> WHAT YOU HAVE TO DO
All lines from the one containing "Buy Sleepsafe Low Bed - Queen Size" to the end of the listing below should be output exactly; omit the pictures.

> INFORMATION PROVIDED
[Start of Attachment]

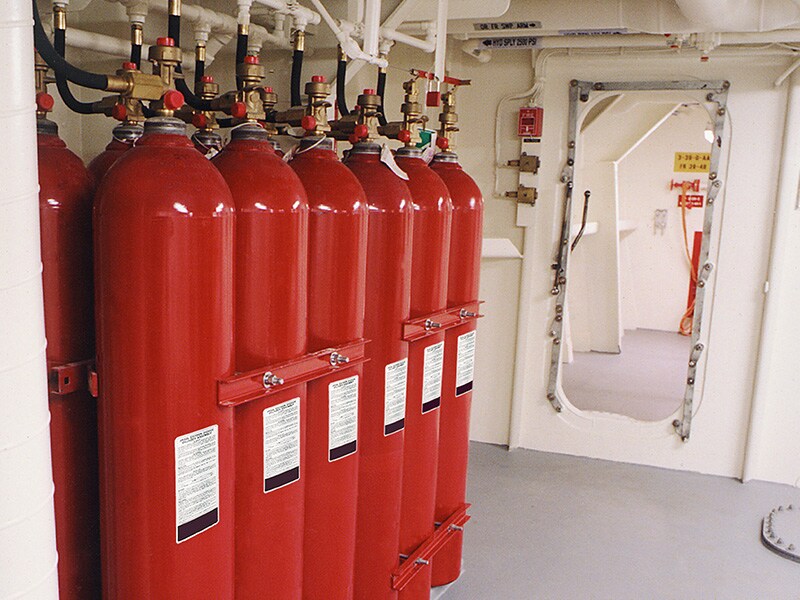 Marine in Halocarbon Systems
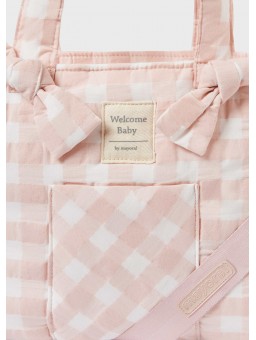 Bolso vichy rosa - Accesorios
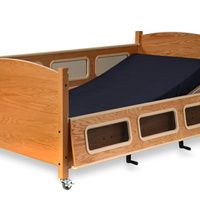 Buy Sleepsafe Low Bed - Queen Size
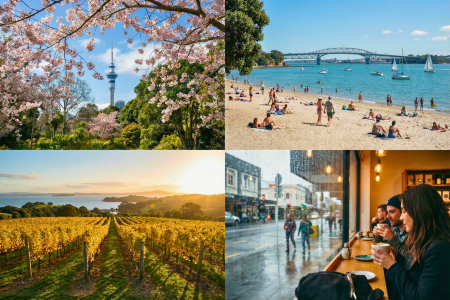 Best Seasons to Explore Auckland and Why Travelers Love Them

[End of Attachment]

> TASK ANSWER
 Buy Sleepsafe Low Bed - Queen Size
 Best Seasons to Explore Auckland and Why Travelers Love Them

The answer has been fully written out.